I LOVE Wicked!!! I've seen it three different times in three different cities  Enjoy your trip!


----------



## sam (Dec 31, 2008)

There's also a great tea shop in Chinatown that you can buy loose tea leaves.  Some of the best tea I ever bought was from there.  I don't remember the name but I don't think they would be to hard to find if you asked.  Have a great trip!

Sam


----------



## KBoards Admin (Nov 27, 2007)

We had a great first day in NYC.

We took a long time getting here, with weather delays, so we were very happy to have our Kindles. Here's Mama, and Hannah, reading two different versions of "Number the Stars", while we waited in SeaTac airport.










Eating breakfast, and lunch, at SeaTac airport:










Boarding the "F" train










Hannah snaps a pic of Teddy R in front of the Natural History Museum










We're staying in a Brooklyn brownstone in Park Slope.

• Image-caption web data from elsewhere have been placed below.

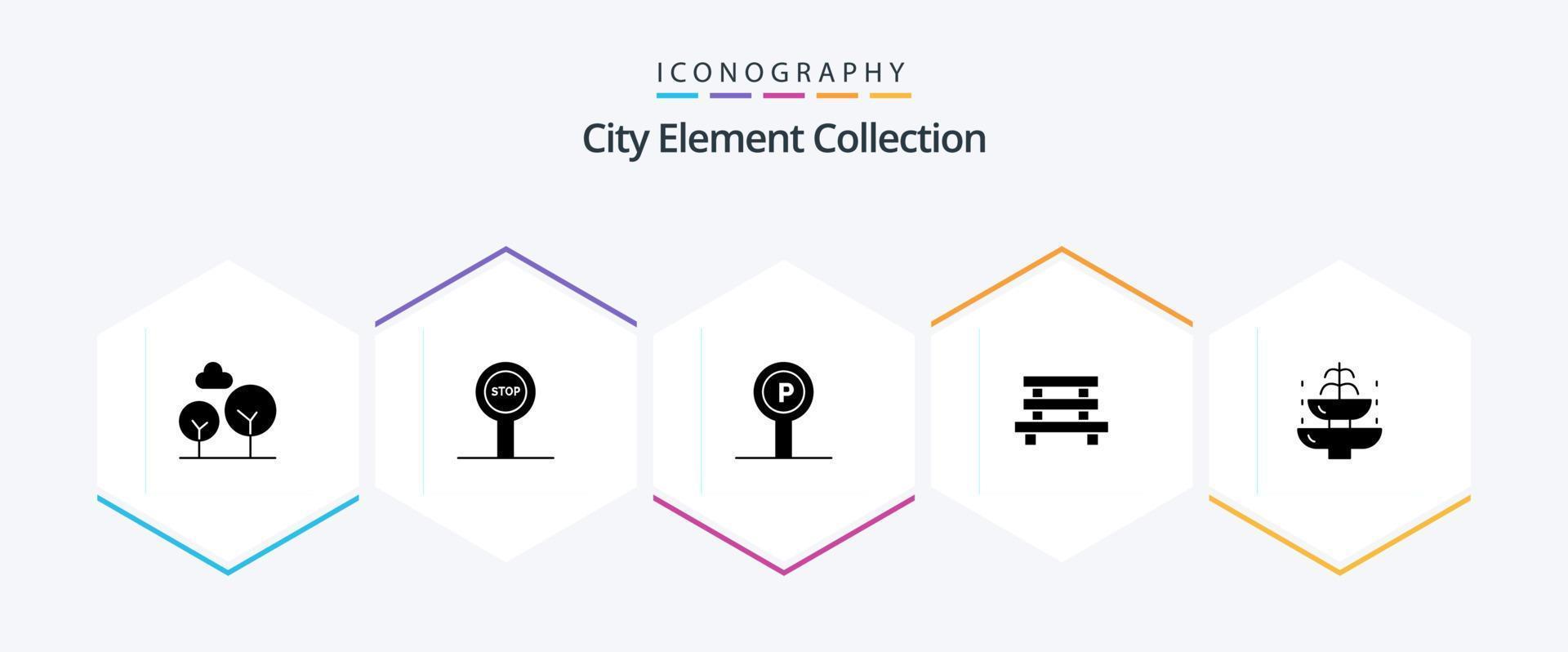 City Element Collection 25 Glyph icon pack including element . bench . sign vector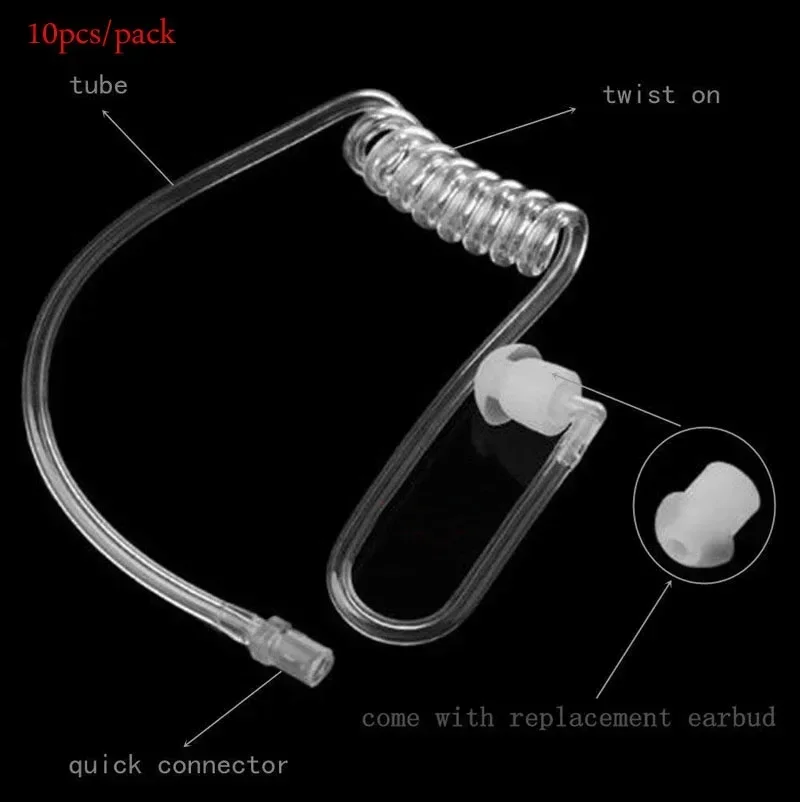 10PCS Replacement Transparent Coil Acoustic Air Tube Earplug For Two-Way Radio Walkie Talkie Earpiece Headset Earphone Headphone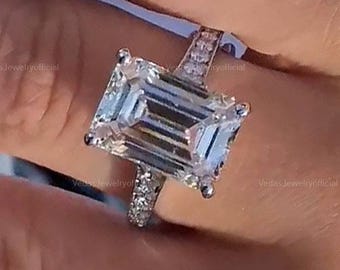 3CT Emerald Cut Moissanite Engagement Ring, Hidden Halo Engagement Ring, Claw Prongs Ring, Anniversary Gift Ring, Bridal Wedding Ring
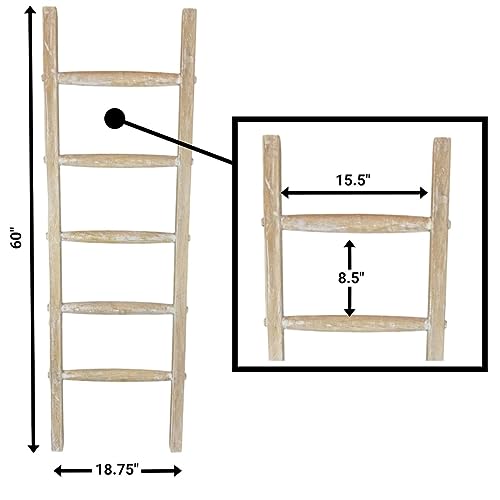Blanket Ladder Wood Quilt Rack |5 ft Decorative Wooden Ladder | Rustic Ladder Decor for Living Room, Perfect Blanket Ladder Rack Stand & Holder, Ideal for Blankets, Throws, Quilts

This sunny morning, we're off to eat Dim Sum, then we'll see Wicked this afternoon. Then more time with our relatives and new baby nephew here.


----------



## drenee (Nov 11, 2008)

Thank you so much for sharing, Harvey.  Can't wait to hear your review of Wicked.
deb


----------



## Leslie (Apr 7, 2008)

Harvey said:


> We had a great first day in NYC.
> 
> We took a long time getting here, with weather delays, so we were very happy to have our Kindles. Here's Mama, and Hannah, reading two different versions of "Number the Stars", while we waited in SeaTac airport.


Am I the only one who is shocked SHOCKED to see that poor white Kindle in it's original Amazon cover? In the hands of KindleWidow? Enablers, I think you are falling down on the job!

L


----------



## chynared21 (Oct 28, 2008)

*Harvey!!!! Great pictures and what a beautiful airport  Thanks for sharing your pictures with us...fantastic as always.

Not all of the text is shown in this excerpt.